Elasticsearch Monitoring and the ELK Stack
Elasticsearch does not operate in isolation. The ELK Stack — Elasticsearch, Logstash, and Kibana — forms a complete pipeline for collecting, processing, storing, and visualizing data. Monitoring keeps your cluster healthy and alerts you before problems become outages.
The ELK Stack Architecture
Data Sources Collection Storage + Search Visualization
(servers, apps, devices)
+------------+
Web Server Logs -------> | |
Application Logs -------> | Logstash | ---------> [ Elasticsearch ] ---------> [ Kibana ]
System Metrics -------> | or Beats | (stores + indexes) (dashboards
Database Logs -------> | | charts
+------------+ alerts)
Each Component's Role
| Component | Job |
|---|---|
| Beats | Lightweight agents that collect data from servers (CPU, logs, network) |
| Logstash | Heavy-duty pipeline: receive, transform, and forward data |
| Elasticsearch | Store, index, and search all ingested data |
| Kibana | Browser-based UI for search, dashboards, alerting, and management |
Beats — Lightweight Data Shippers
Beats are small programs you install on servers.
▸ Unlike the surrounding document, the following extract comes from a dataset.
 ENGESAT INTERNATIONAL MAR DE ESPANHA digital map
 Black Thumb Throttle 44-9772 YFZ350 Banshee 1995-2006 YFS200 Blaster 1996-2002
They collect specific types of data and forward them to Elasticsearch or Logstash:
| Beat | Collects |
|---|---|
| Filebeat | Log files from disk |
| Metricbeat | CPU, memory, disk, network stats |
| Packetbeat | Network traffic and protocols |
| Auditbeat | Linux audit framework events |
| Heartbeat | Uptime monitoring for URLs and services |
Monitoring Elasticsearch Itself
The Stack Monitoring feature in Kibana shows real-time health of your Elasticsearch cluster:
Kibana Stack Monitoring shows: Cluster Health: GREEN / YELLOW / RED Nodes: 3 active nodes Shards: 24 total, 0 unassigned JVM Heap Used: 62% Index Rate: 1,240 docs/sec Search Rate: 342 queries/sec Disk Used: 340 GB / 500 GB (68%)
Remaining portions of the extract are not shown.